The project will combine high-quality color page images of all 125,000 pages (including covers and spines) with TEI-encoded text versions, allowing scholars all over the world a rare sense of the physical reality of the volumes being studied as well as providing a fully-searchable SGML database. All images will be scanned with a digital camera at approximately 400 dpi, 24-bit color, and archived as TIFF files. The paper will cover the challenges of managing this vast amount of data, and the necessity for such large page-image files. JPEG derivatives will be generated for on-line use.

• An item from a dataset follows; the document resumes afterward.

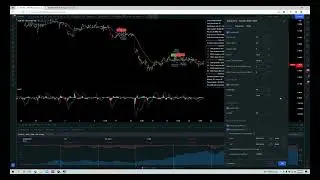 Classic MACD Strategy Trading Script Release And Tutorial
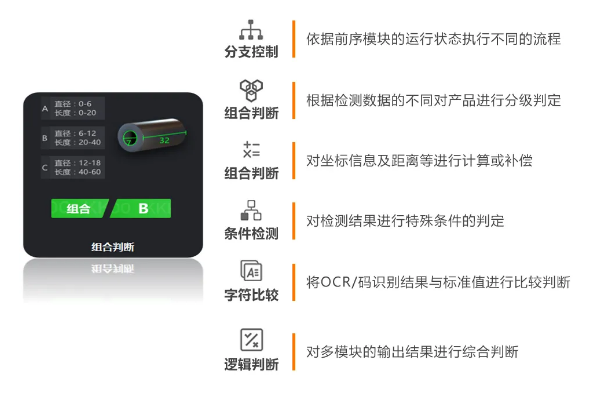 丰富的逻辑算法，灵活性更强.png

All the text will be encoded in TEI. The conversion to tagged ASCII text will be done under contract with a keyboarding company, who will also add some of the markup. The texts will be completed and parsed at UVa., and mounted on the web. The paper will report on this workflow, and outline the lessons we learn in handling large quantities of TEI text and color TIFF images.

Economics

A key part of this project will be a structured measurement of usage of the e-texts created in the project, and a comparison of that usage with the usage of original rare books. In addition to the economics of use, there will be a report on our cost-recovery assumptions, which include a partnership with a commercial publisher to market a CD version of the database.

Conclusion

The Electronic Archive of Early American Fiction project presents the opportunity to study scholarly use of original rare books and of their computer simulacra, and to determine the extent to which electronic texts of rare books can serve scholars and teachers, and to compare the usage and costs of electronic texts and of original paper texts of rare books. This paper will outline the scope of the project and report on what we have learned to endorse or challenge our initial assumptions about workflow, cost, level of tagging, commercial interest, and image quality.